Either way, a beautiful pup, whether 100% pure or 95%...


----------



## Maedchen

I agree w. you longhair.
Her head is off, muzzle, ears, eyes. Her body, tail and structure of her coat don't look GSD either. I would bet she's a high mix.
JMHO


----------



## APBTLove

At least your trainer is just saying she doesn't look pure...
A lady I know who owns 10 (yes ten!) GSDs went to a trainer who, upon seeing her GSD went into a long talk with the class about how dangerous and vicious GSDs are, how they should not be trusted with anyone, no other animals ect.
Then pointed out her son's black german shepherd and said "But a lab mix like this makes a wonderful dog."
HA!
He went on calling it a lab, even after the owner pointed out it was not, and was a pure bred, he said there were NO black shepherds.
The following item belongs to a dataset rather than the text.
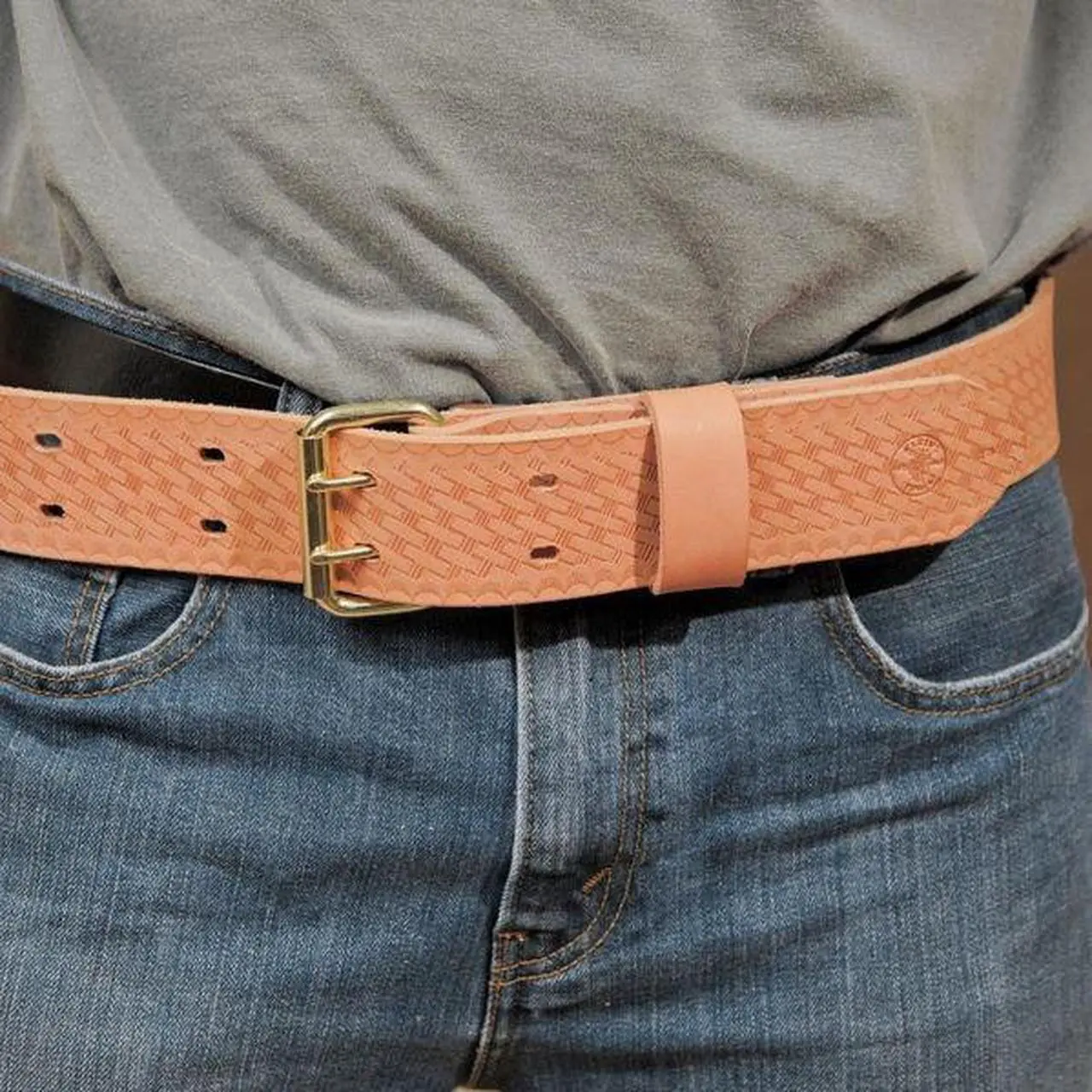 Alt view image 6 of 7 - Klein Tools 409-5415L Heavy-Duty Embossed Leather Tool Belt - Large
Holy cow.
It took a while before she convinced him that he was an idiot.

Feel lucky that yours just tries pointing out she is not the typical GSD.

She does has the blue heelerish look to her.
IF she were a mix, I'd say she's about 75% shepherd, or more.

Btw, this is Betta from MFK.


----------



## Die Fledermaus

> Originally Posted By: BowWowMeowWho cares? Would you treat her differently if she wasn't pb? Why not say she's adopted and you'll never know for sure but you do know for sure that she's a wonderful dog. That's what I always tell people and it works every time.
> 
> Btw, Rafi is definitely NOT a pb gsd and people often say he is.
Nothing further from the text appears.